**PROVIDED DATA:**
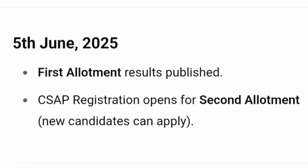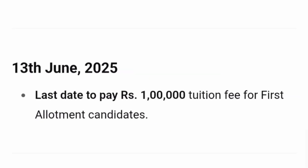By 5th June 2025, first allotment results will be out and CSAP registration opens for the second allotment — this is for students who want a new registration starting at the second allotment phase. Students who get a seat in the first round are eligible to pay fees and confirm their seat. The last day to pay fees for first round allotment is 13th June 2025, and you have to pay 1 lakh rupees as a tuition fee to confirm your seat; otherwise your seat will be lost.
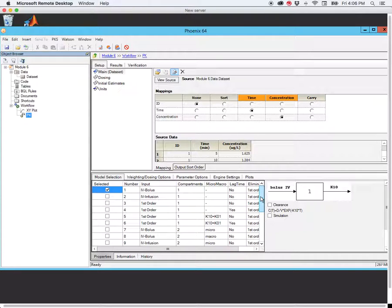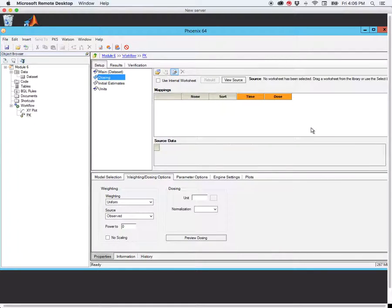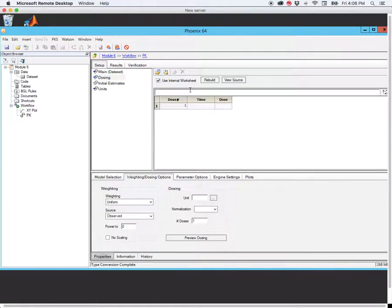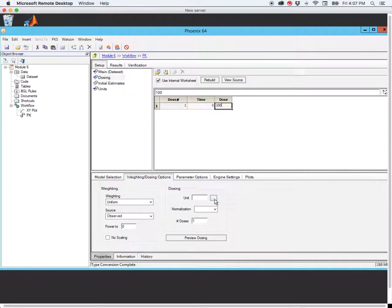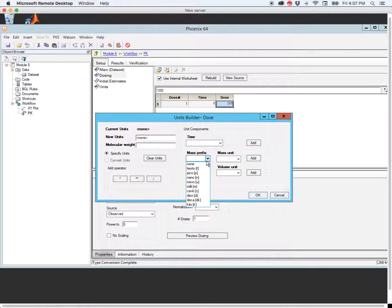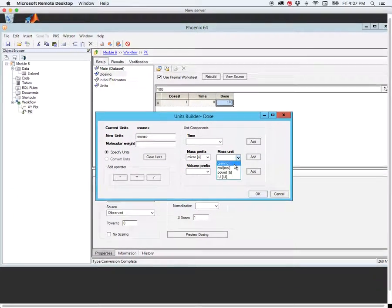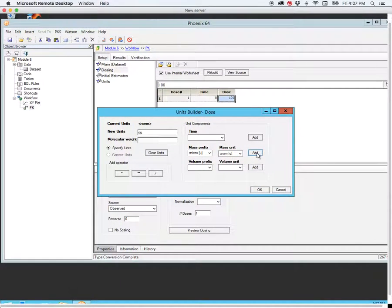So, choosing the one-compartment model first. We start off with the one-compartment model and choose that. We move down to dosing, and we will check internal worksheet because we want to enter our dose by hand. Our dose was given at time zero, and we know for this data set that it was a total dose of 100 micrograms. It wasn't given on a milligram per kilogram basis, so we enter a total dose of 100 micrograms.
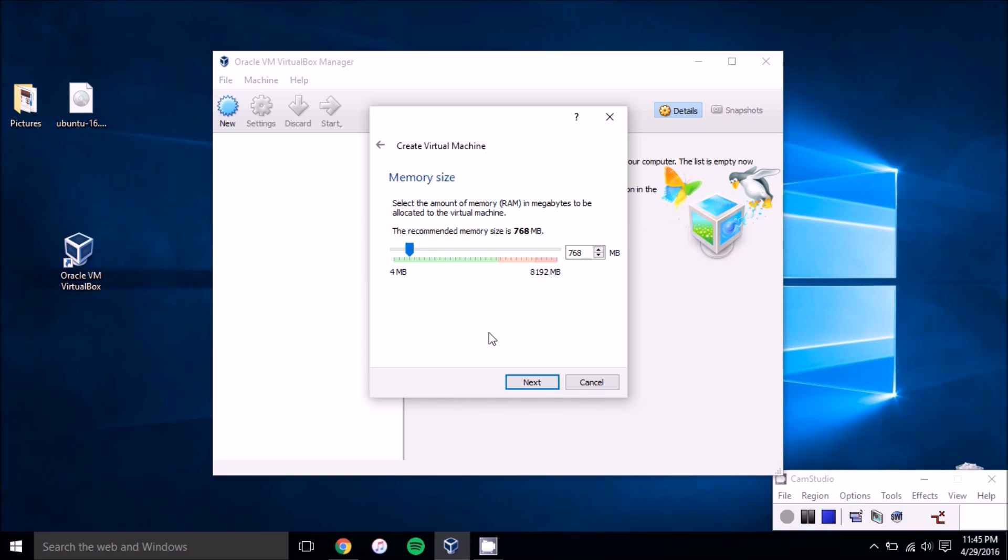Then you'll want to allocate memory to the virtual machine. Usually it's good to just go with the recommended memory size, but if you're doing any heavy lifting with the virtual machine, you can add some more to it. Once you've decided your RAM size to allocate, just press next.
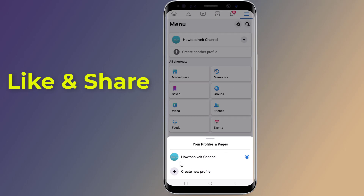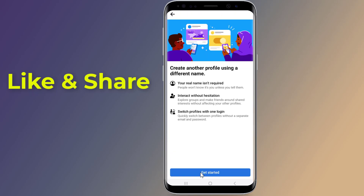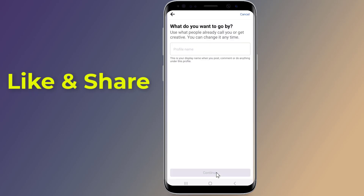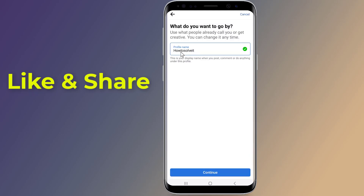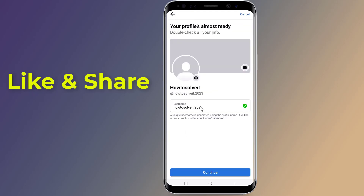From there, choose 'Create New Profile.' You can follow the on-screen prompts to make a new Facebook profile. Tap 'Get Started,' enter your new profile name, then tap 'Continue.' Add a photo to your profile and then continue.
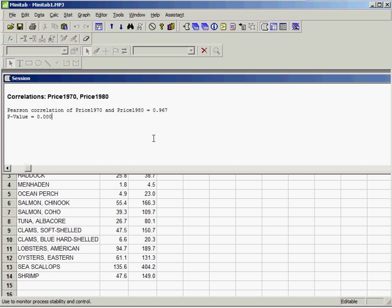That ends the presentation on Pearson correlation coefficient with Minitab.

**ASSIGNMENT:** Copy out all the data without changing anything, and drop the pictures.

**OUTPUT FOR THIS TASK:**
By 5th June 2025, first allotment results will be out and CSAP registration opens for the second allotment — this is for students who want a new registration starting at the second allotment phase. Students who get a seat in the first round are eligible to pay fees and confirm their seat. The last day to pay fees for first round allotment is 13th June 2025, and you have to pay 1 lakh rupees as a tuition fee to confirm your seat; otherwise your seat will be lost.
So, choosing the one-compartment model first. We start off with the one-compartment model and choose that. We move down to dosing, and we will check internal worksheet because we want to enter our dose by hand. Our dose was given at time zero, and we know for this data set that it was a total dose of 100 micrograms. It wasn't given on a milligram per kilogram basis, so we enter a total dose of 100 micrograms.
Then you'll want to allocate memory to the virtual machine. Usually it's good to just go with the recommended memory size, but if you're doing any heavy lifting with the virtual machine, you can add some more to it. Once you've decided your RAM size to allocate, just press next.
From there, choose 'Create New Profile.' You can follow the on-screen prompts to make a new Facebook profile. Tap 'Get Started,' enter your new profile name, then tap 'Continue.' Add a photo to your profile and then continue.
That ends the presentation on Pearson correlation coefficient with Minitab.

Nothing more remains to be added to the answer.